How does a HashMap work in JAVA


Most JAVA developers are using Maps and especially HashMaps. A HashMap is a simple yet powerful way to store and get data. But how many developers know how a HashMap works internally? A few days ago, I’ve read a huge part of the source code of java.util.HashMap (in Java 7 then Java 8) in order to have a deep understanding of this fundamental data structure. In this post, I’ll explain the implementation of java.util.HashMap, present what’s new in the JAVA 8 implementation and talk about performance, memory and known issues when using HashMaps.

Internal storage

The JAVA HashMap class implements the interface Map<K,V>. The main methods of this interface are:
  • V put(K key, V value)
  • V get(Object key)
  • V remove(Object key)
  • Boolean containsKey(Object key)
HashMaps use an inner class  to store data: the Entry<K, V>. This entry is a simple key-value pair with two extra data:
  • a reference to another Entry so that a HashMap can store entries like singly linked lists
  • a hash value that represents the hash value of the key.
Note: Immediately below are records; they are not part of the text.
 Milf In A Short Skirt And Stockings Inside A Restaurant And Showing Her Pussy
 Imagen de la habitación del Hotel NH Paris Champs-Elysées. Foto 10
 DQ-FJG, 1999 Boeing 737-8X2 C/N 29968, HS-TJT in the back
This hash value is stored to avoid the computation of the hash every time the HashMap needs it.
Here is a part of the Entry implementation in JAVA 7:
static class Entry<K,V> implements Map.Entry<K,V> {
        final K key;
        V value;
        Entry<K,V> next;
        int hash;
…
}
A HashMap stores data into multiple singly linked lists of entries (also called buckets or bins). All the lists are registered in an array of Entry (Entry<K,V>[] array) and the default capacity of this inner array is 16.

 The following picture shows the inner storage of a HashMap instance with an array of nullable entries. Each Entry can link to another Entry to form a linked list.
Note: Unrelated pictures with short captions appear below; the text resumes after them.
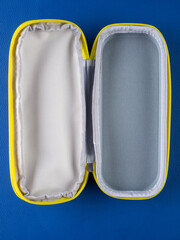 Close-up of a gray school pencil case in a hard format on a blue background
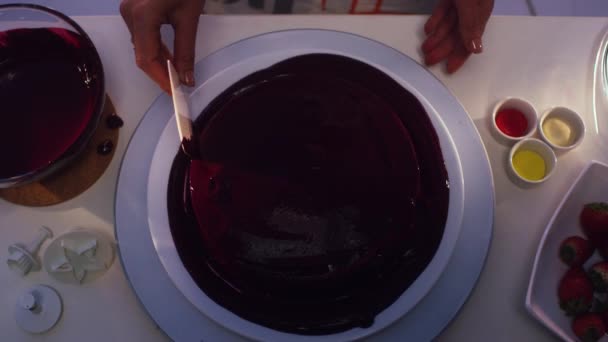 Bolo em forma redonda coberto com creme violeta está sendo alisado manualmente — Vídeo de Stock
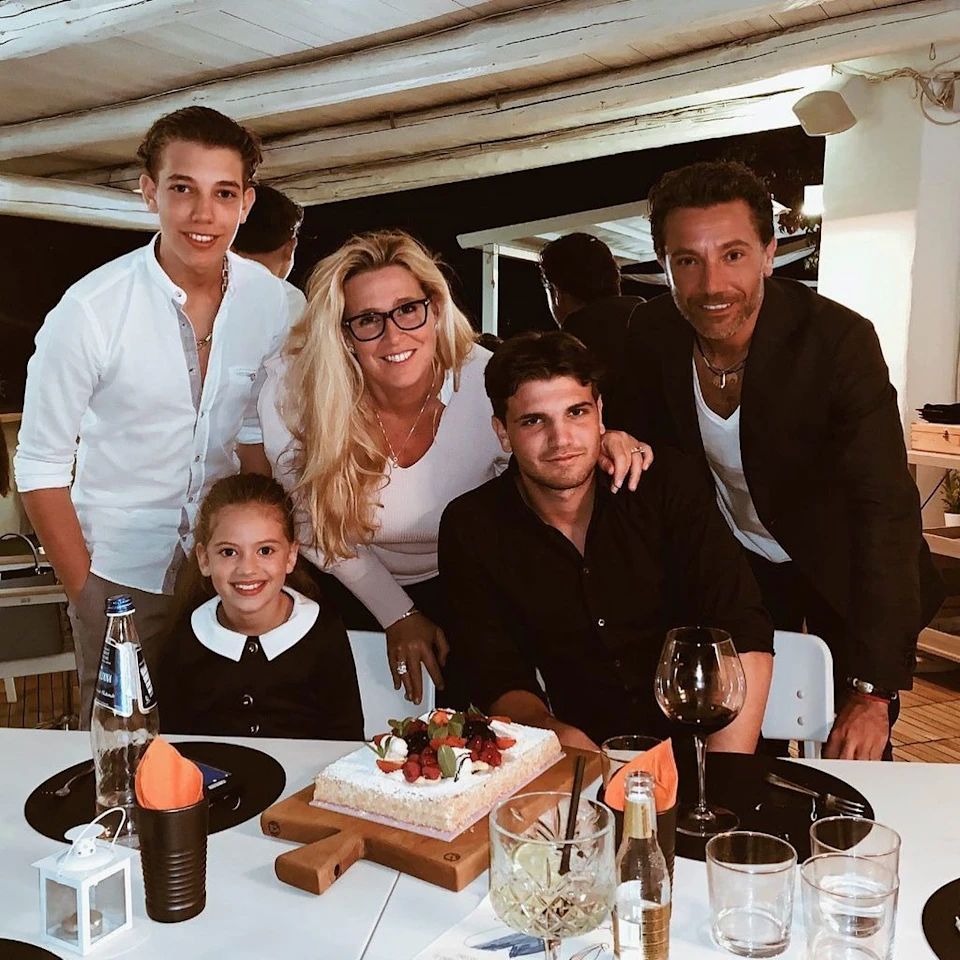 Gino with his two sons and daughter Mia and wife at restaurant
All the keys with the same hash value are put in the same linked list (bucket). Keys with different hash values can end-up in the same bucket.
When a user calls put(K key, V value) or get(Object key), the function computes the index of the bucket in which the Entry should be. Then, the function iterates through the list to look for the Entry that has the same key (using the equals() function of the key).
In the case of the get(), the function returns the value associated with the entry (if the entry exists).
In the case of the put(K key, V value), if the entry exists the function replaces it with the new value otherwise it creates a new entry (from the key and value in arguments) at the head of the singly linked list.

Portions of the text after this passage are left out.